Je viens d’aller voir le roi Lear.
Pour me changer les idées.

Quoique …

Quoique cette vieillissante figure autocratique, qui ne peut lâcher son pouvoir qu’en échange d’une protestation d’amour, fut-elle de la dernière hypocrisie, avait de quoi faire écho à de très actuelles figures.
Et bien sûr la modernité du texte ajouté au choix de mise en scène qui pose Piccoli en capitaine d’industrie ne pouvait que renforcer ce petit jeu d’associations. Le moyen d’y résister…
C’est d’ailleurs là où le bât a failli blesser la spectatrice pourtant acquise d’avance au texte.
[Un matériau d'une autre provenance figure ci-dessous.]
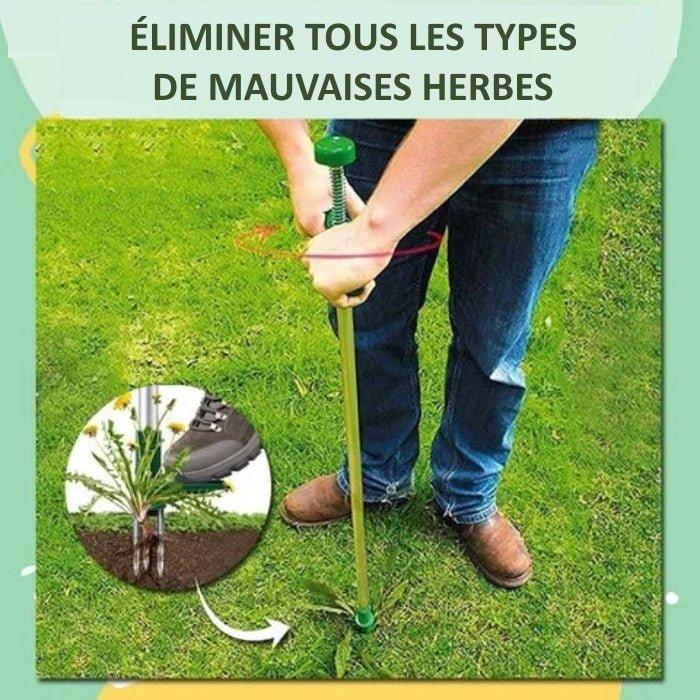 RootVanish™ | Tuinonderhoud wordt kinderspel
Il faut pouvoir éprouver de la sympathie pour Lear, même s’il apparaît l’artisan de son naufrage.
Or le personnage du roi, ainsi incarné, paraissait un peu trop proche de figures réelles du cynisme, pour être attachant.
Car enfin, quand le roi, le cul dans la neige, découvre que les pauvres peuvent avoir froid, il faut que son arrogance soit déjà en partie rachetée par le processus ce de dépouillement qui est à l’œuvre.
Ce n’est qu’après la première demi-heure que je me suis vraiment laissée prendre à la force du texte et au jeu de Piccoli.
Je n’ai pas tout aimé, mais la voix parfois incertaine, brisée et capricieuse de Piccoli, si. Cette histoire est aussi celle du caprice des vieux, qui retournent à cette enfance où l’on tape du pied en disant « je veux, j’ai droit », comme une dernière tentative avant l’ultime renoncement. J’aime que le metteur en scène n’en ait pas fait seulement un père trahi, mais surtout un homme qui vacille d’avoir tout confondu, le pouvoir et l’amour, l’amour filial et conjugal. Ne chasse-t-il pas Cordélia parce qu’elle a osé marquer la place d’un mari auprès d’elle, plutôt que de TOUT donner à son père ?
Ce qui est prodigieux dans ce texte, c’est qu’on finit par avoir de la compassion pour tout le monde. Pour les méchants parce que presque tous ont été des enfants mal aimés, pour les fous parce que leur sagesse ne suffit pas à sauver tout le monde, et pour Lear, le vieil homme nu, privé même en dernier lieu de sa démence, parce qu’il a compris trop tard que le renoncement, c’était bien autre chose que distribuer ses biens.